I would like to connect a new chandelier to the ceiling of my bedroom. The ceiling box has two cables:
- black, white, ground - none of these is hot
- black, white, red, ground - black on this cable is hot (120 V to ground)
The hot on cable 2 is not controlled from any wall switch (it seems as if it used to have a ceiling fan/light before). It is hot all the time; each switch checked in the house-none controls the power on this hot cable in the ceiling box.
OK, now there is also a wall switch in the same room that seem to be dead.

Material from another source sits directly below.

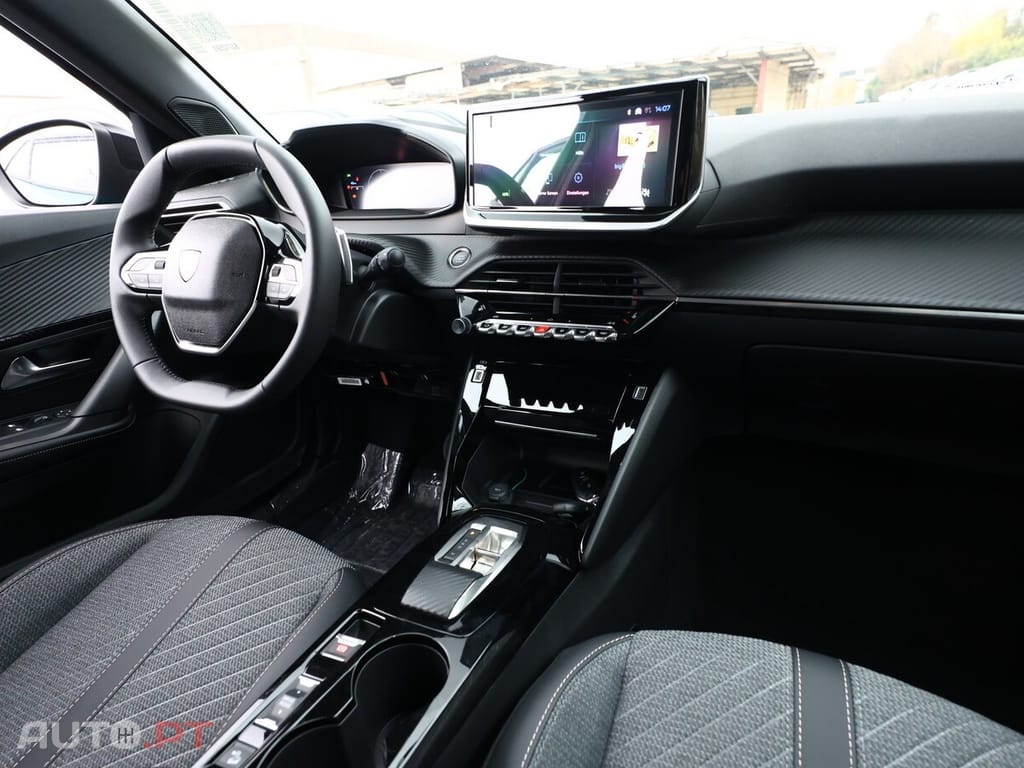 Peugeot 2008 Hybrid 145 e-DSC Allure COM EXTRAS NOVO 10 KM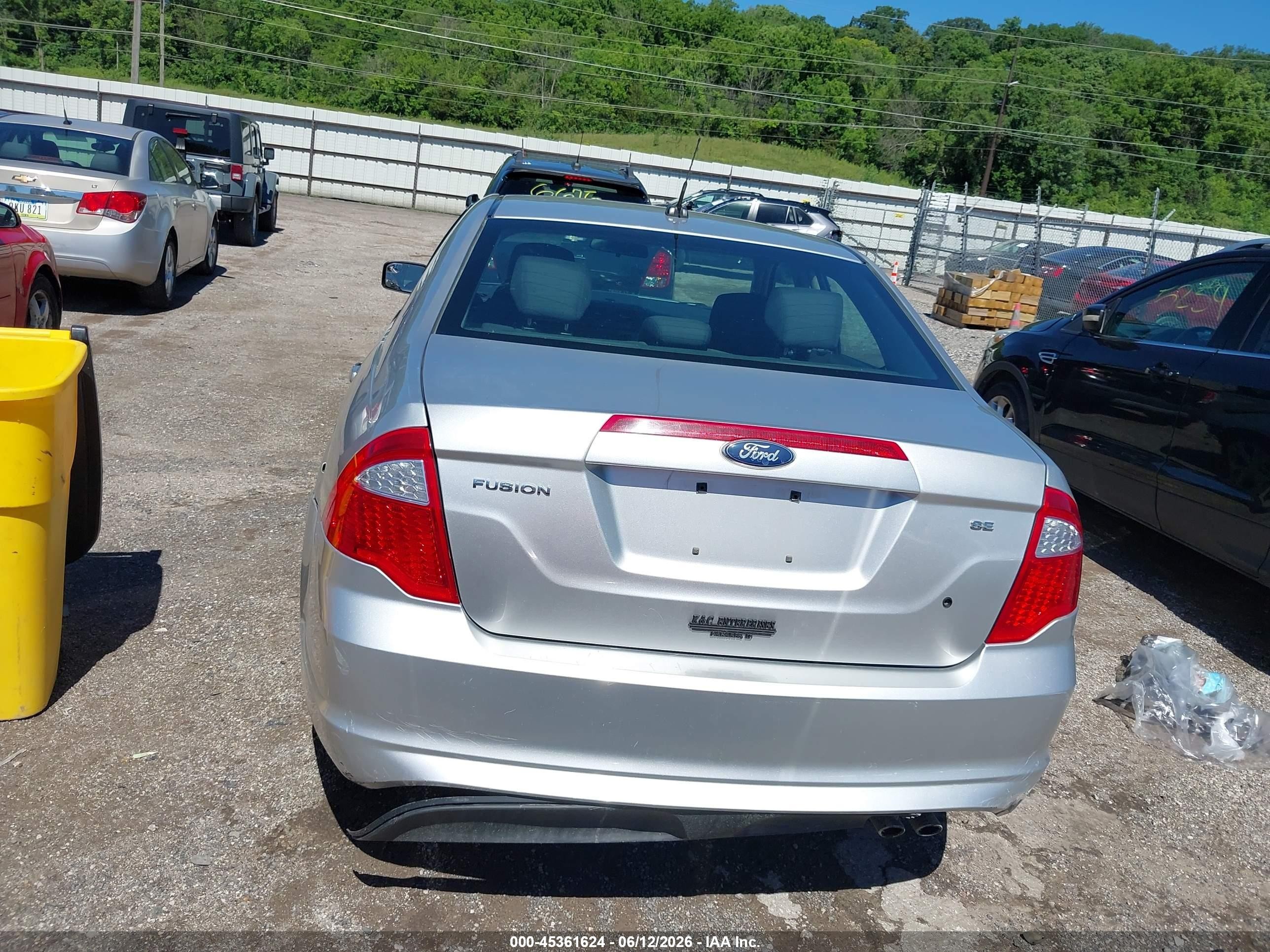 2012 Ford Fusion Se Серебряный vin: 3FAHP0HA0CR180182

It has three cables (each has black, white, and ground) and none of them is powered.
- black, white, ground - none of these is hot (entering the switch box from the above)

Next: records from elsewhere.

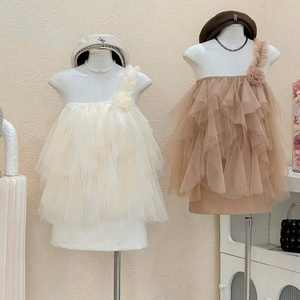 ชุดเซ็ตสองชิ้นสำหรับฤดูร้อน เสื้อผ้าผู้หญิง สวมใส่สบาย แฟชั่นธรรมชาติ ซักได้ บรรจุภัณฑ์แบบกำหนดเอง จากผู้ผลิตในเวียดนาม - Product Image 2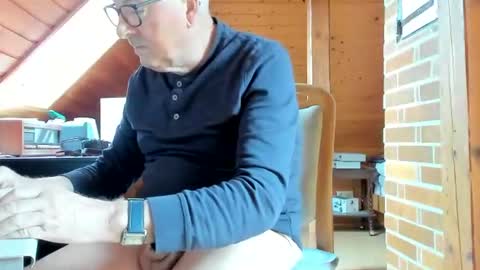 Snapshot of vonrex1 chatting on February 28, 2025, 10:09 am heinz online show from February 28, 2025, 10:09 am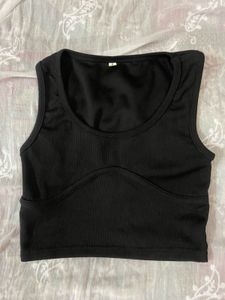 sale !!!black crop top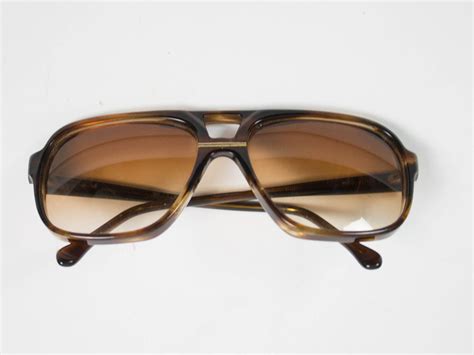 Vintage Suglasses 70s Fashion Squared Glasses Brown Color 1970s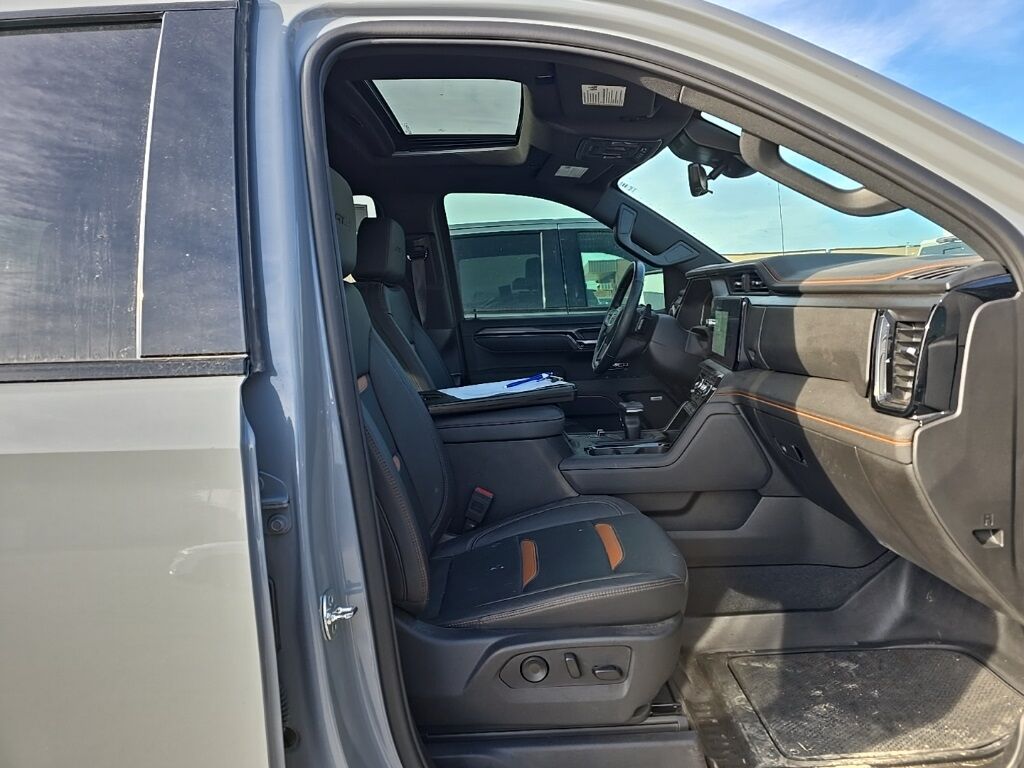 2025 GMC Sierra 1500 4x4 Crew Cab AT4 Minocqua WI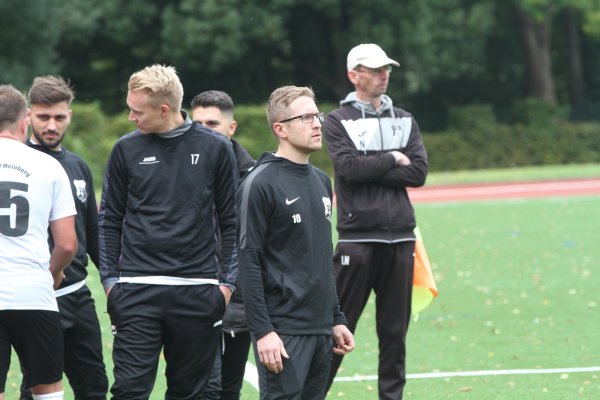 Hier ist Toni Knöfel (Zweiter von rechts) mittendrin. - © Sebastian Lucas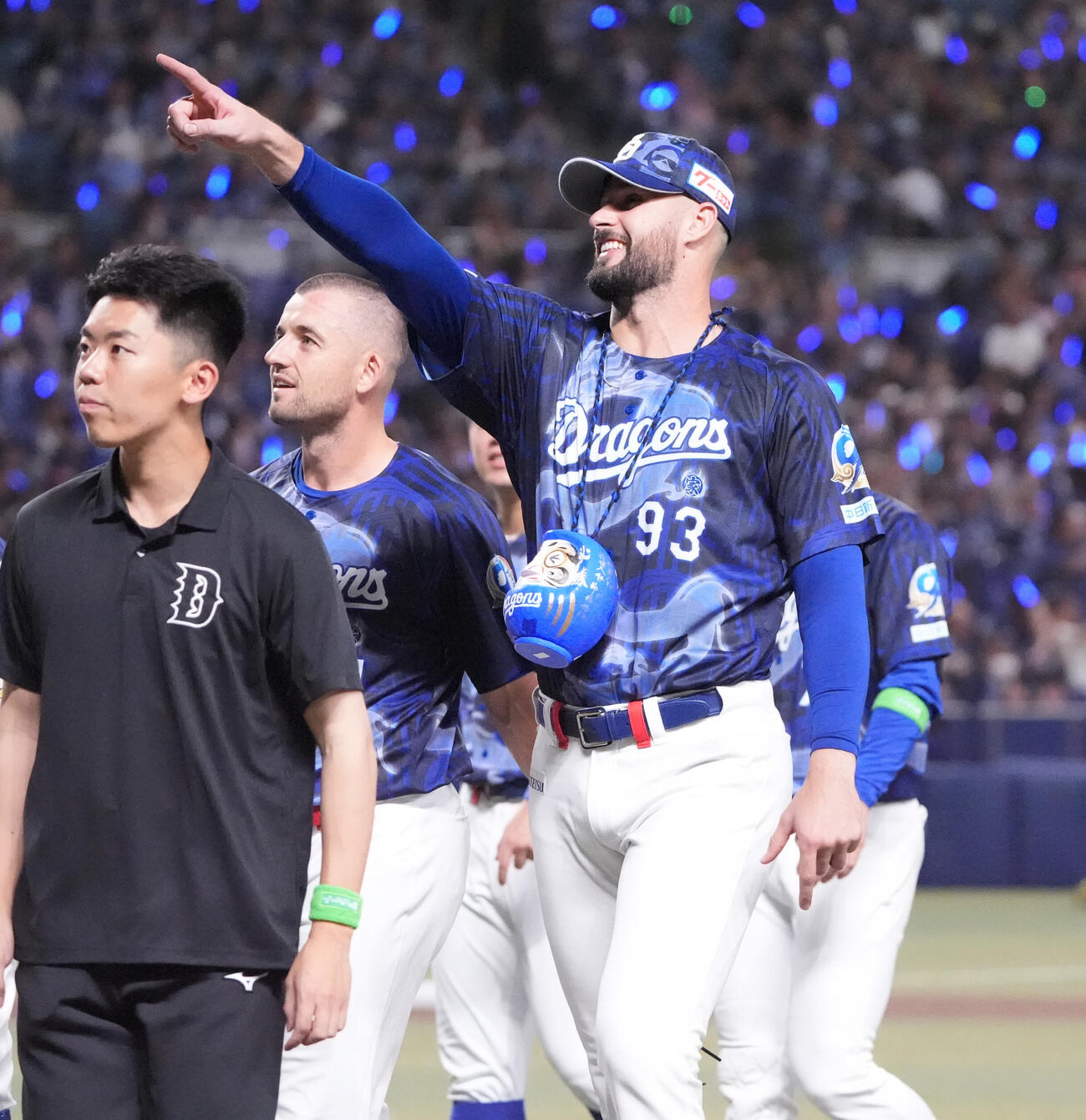 プロ野球交流戦中日対楽天　カイル・マラー（右）はスタンドの家族に向かって笑顔を見せる（撮影・森本幸一）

- black, white, ground - none of these is hot (entering the switch box from the above)
- black, white, ground - none of these is hot (entering the switch box from the below)
Cable 3 in the wall switch seems to be the same as cable 1 in the ceiling box (checked the resistance - 0.5 ohm on 1 and 3 probed, and 0.5 ohm when white on 1 and 3 probed)

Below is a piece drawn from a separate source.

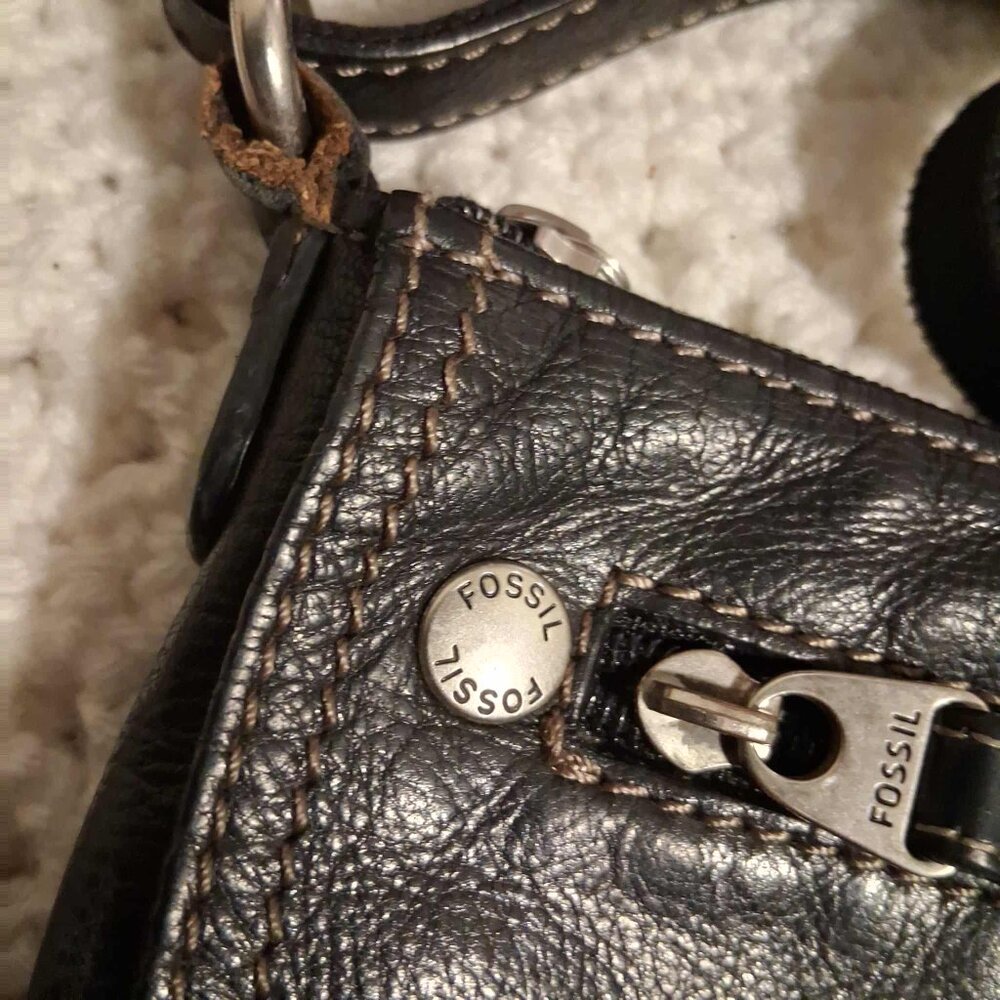 FOSSIL BLACK CROSSBODY - Picture 3 of 8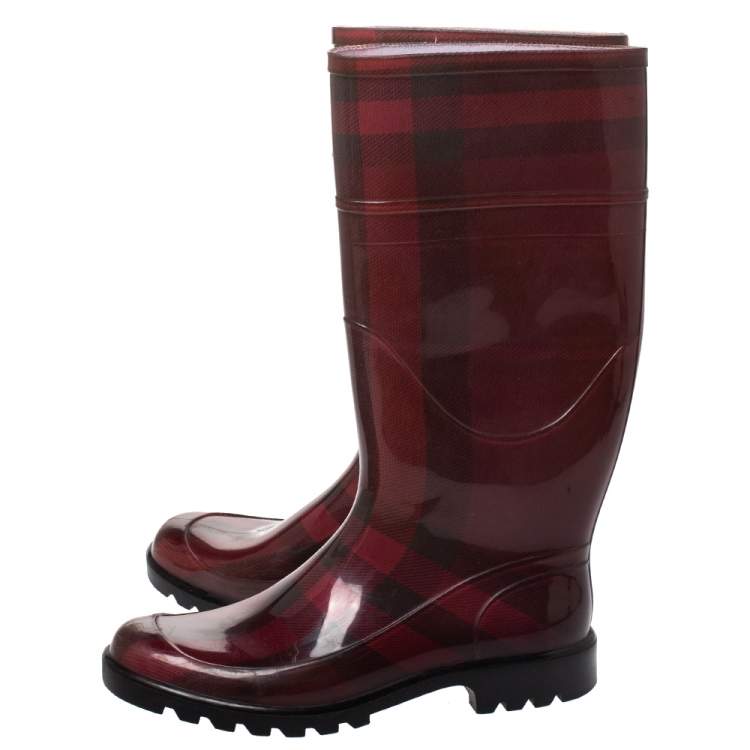 Pre Owned Burberry Red Novacheck Rubber Rain Boots Size 38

I am wondering if I can utilize this dead wall switch to control the ceiling box power (and my new chandelier) without laying out additional cables inside the walls.
For example, I was thinking about using white (neutral) on cable 1 to bring hot to the wall switch (connect hot on cable 2 and white on cable 1) which would bring the hot down to the wall switch through 1-3, connect to the switch, and then bring the hot back to the ceiling box through the same cable 1/3). Then I would use black from 1 and white from 2 to power the chandelier.
Possible or is there any other more "professional" solution?